Après plusieurs mois de galère, je suis tout de même parvenu à rogner la matière, millimètre après millimètre pendant des heures, à la pointe diamant montée sur une dremel. Ouf, j’ai réussi ! Et après avoir progressivement restauré les filetages abîmés au taraud, je pense que la bride de chaudière pourra tenir la pression. J’ai cependant scellé une tige filetée sur la chaudière à la place du boulon d’origine car un des pas de vis était très abîmé.
Étape suivante, passage de la chaudière à l’acide! J’ai fait rapide car mieux vaut moins que trop avec ce genre de liquide, et je ne souhaite pas une restauration « parfaite », mais juste que la bécane soit propre, fonctionnelle et maintenue ensuite en bon état.
Ça faisait des bulles et de la fumé, c’était marrant … mais bon il m’a fallut faire vraiment attention, je ne voulais pas y laisser un œil (gants, lunettes, masque et travail en extérieur).
La cuve ayant retrouvé sa jolie couleur cuivrée, je me suis attaqué au châssis. J’ai simplement poncé, bien dégraissé à l’acétone puis appliqué trois couches de peinture antirouille et résistant à des températures relativement élevées.
Il était temps de passer au choses sérieuses : la restauration du groupe d’infusion à levier, la pièce maîtresse de la machine.
Malheureusement, la tête de groupe était cassée en deux. C’est le coup classique lorsque le levier est lâché brusquement alors que la machine est froide ou qu’il n’y a plus d’eau. Après consultation des spécialistes du forum il s’est avéré que cette pièce était introuvable et qu’il me faudrait la refabriquer à partir d’une pièce ressemblante. Modifications, fraisage, usinage… J’étais un peu effrayé par cette solution compliquée… mais heureusement Zeb le spécialiste à réussi à réparer ma tête de groupe par un collage époxy! J’aimerais bien travailler aussi proprement, la pièce est parfaite, comme neuve. Par chance la cassure n’était pas trop mal placée, il me faudra juste éviter les retours de levier violents.
Alors que le travail avançait à bon rythme, je n’ai rien trouvé de mieux que de faire tomber la machine… Résultat, la bulle en plexiglas du chauffe tasse, une des pièces les plus esthétiques de la machine est cassée en deux. Pour être franc je ne l’ai pas très bien pris, j’ai balancé la machine dans un carton et n’y ai plus touché pendant un an.
…Après un an de digestion pour mon plexi cassé, je reprends le travail plus motivé que jamais. La cassure est propre et un simple collage (sans solvant) a permis une réparation relativement discrète du précieux capot en plexiglas.
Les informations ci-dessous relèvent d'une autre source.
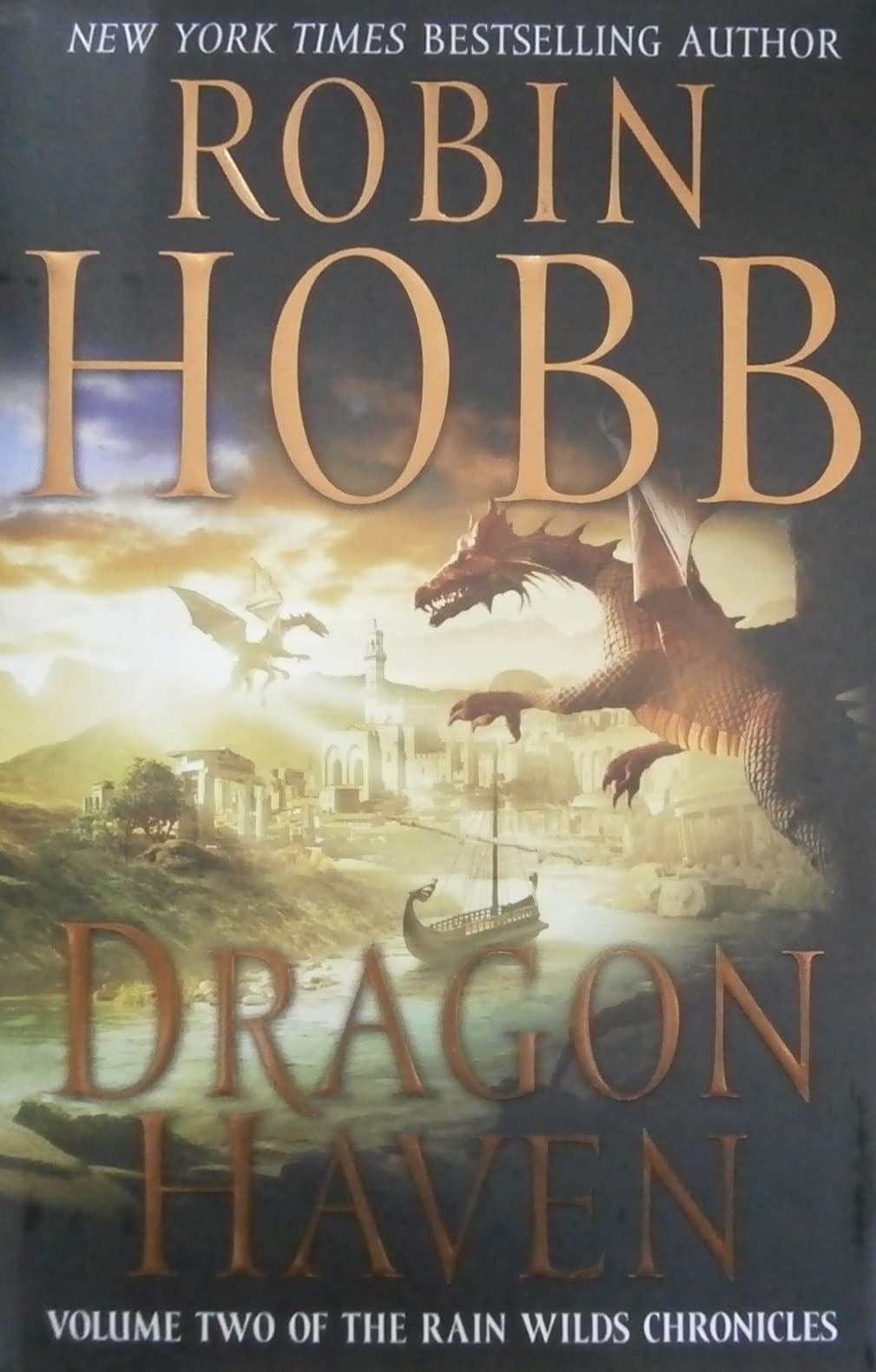 Dragon Haven: Volume Two of the Rain Wilds Chronicles (Rain Wilds Chronicles, 2, Band 2) Fairy Tales & Legends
La pièce se trouve encore neuve mais à prix d’or alors ma réparation fera l’affaire.
Il était temps de s’atteler à un long travail de nettoyage des divers éléments du groupe, et de tous les robinets et mécanismes divers de la machine. Il s’agit de démonter chaque mécanisme, d’extraire les joints, clapets et étoupes (qui sont d’époque, avec un peu partout « une matière extrêmement indésirable utilisée autrefois »), sans oublier de graisser les parties soumises à frottements. Les joints les plus récalcitrants ont dû être brûlés. Pour les parties visibles il a fallut dégraisser, bien nettoyer et surtout faire revenir le brillant du chrome. Globalement les chromes sont en bon état, seuls quelques éléments auront besoin de faire un petit tour chez le chromeur à l’occasion.
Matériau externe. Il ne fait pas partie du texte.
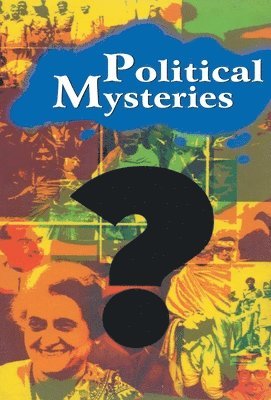 Political Mysteries 1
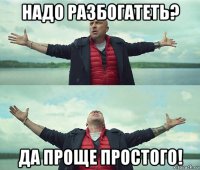 надо разбогатеть? да проще простого!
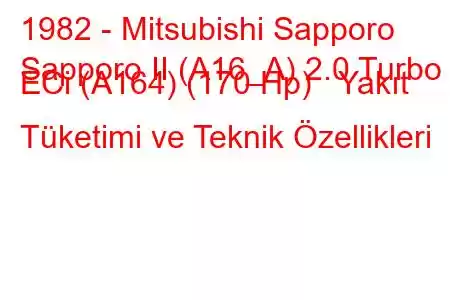 1982 - Mitsubishi Sapporo
Sapporo II (A16_A) 2.0 Turbo ECi (A164) (170 Hp) Yakıt Tüketimi ve Teknik Özellikleri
Pour les nouveaux joints, j’ai trouvé facilement pour les étoupes, les clapets, et pour les joints à lèvre du piston, mais Pascal a dû commander un joint sur mesure pour le robinet d’admission d’eau à son homologue restaurateur Paul Pratt à Hong Kong. Pour la chaudière même problème, le joint vers le groupe et celui du flasque sont introuvables, il m’a dont fallut les découper dans une feuille de ptfe de 3mm d’épaisseur. Le résultat n’est pas idéal car ma chaudière fuit encore un petit peu au niveau du flasque.
Pascal m’a aussi offert une soupape de sécurité, et j’ai trouvé un nouveau ressort pour le piston, un porte filtre neuf avec des filtres et des embouts une et deux tasses, une douchette et de nouvelles poignées en bakélite noire pour les robinets eau et vapeur. C’est dommage, la bakélite d’origine était marron mais bon on va pas chipoter.
Phase suivante: acheter du matériel électrique. Interrupteur, câbles haute température, pressostat et résistance 1500w, ainsi que de la quincaillerie inox, quelques raccords de plomberie et une lampe à led pour remplacer le néon au dos de la machine. Je ne me suis pas trop embêté pour la led, mais le résultat me convient.
Il ne m’a ensuite plus resté qu’à assembler le puzzle, sans oublier d’être généreux sur le téflon pour tous les raccords.
Voici des photos du câblage et de l’interrupteur inséré dans un orifice existant et inutilisé.
C’est là que dans l’excitation je suis allé trop vite et que j’ai bêtement cassé mon tube de niveau en verre. C’est dommage le Pyrex de ce tube avait plus de 60 ans, j’ai eu du mal à garder mon sang froid… J’ai rapidement retrouvé du verre borosilicate au bon diamètre (13mm) que j’ai pu découper à la bonne longueur au mini disque diamant sur la dremel. J’en ai un d’avance du coup, et ce n’est pas de trop car il est moitié moins épais que le tube d’origine…
A la première chauffe la machine fuyait de partout, un peu de téflon en plus a permis de régler la plupart des problèmes mais une fuite persiste sur le joint de chaudière. Au début la chaudière fuyait carrément et il ma semblé qu’une micro-fissure laissait échapper de l’eau.
J’ai resserré un peu à froid, et appliqué un pansement à la pâte époxy sur la fissure. La fuite est maintenant toute petite, n’apparaît qu’à 0,5 bar et l’eau se transforme instantanément en vapeur. Toutefois le sifflement m’agace un peu, il faudra que je démonte pour régler le problème et peut-être découper un nouveau joint dans la feuille de téflon qu’il me reste.
J’ai enfin pu régler le pressostat et la soupape de sécurité et après 3 ou 4 extractions de “nettoyage” j’ai réalisé mon premier shot! Pas mal pour un premier essai et un vrai régal après quelques ajustements.
Quel sentiment de plénitude de voir un projet de 2 ans aboutir! J’ai fini juste pour mes 35 ans en plus.
Il me reste à remettre la chauffe au gaz en route. A priori il suffit de restaurer (ou remplacer) le pressostat gaz, il a l’air en bon état, ça ne devrait pas poser de problème, mais je ferai cela plus tard.
Encore merci à Corinne et Cécile, à Pascal et aux aimables caféinés du forum expresso.cultureforum.net qui m’ont aidé.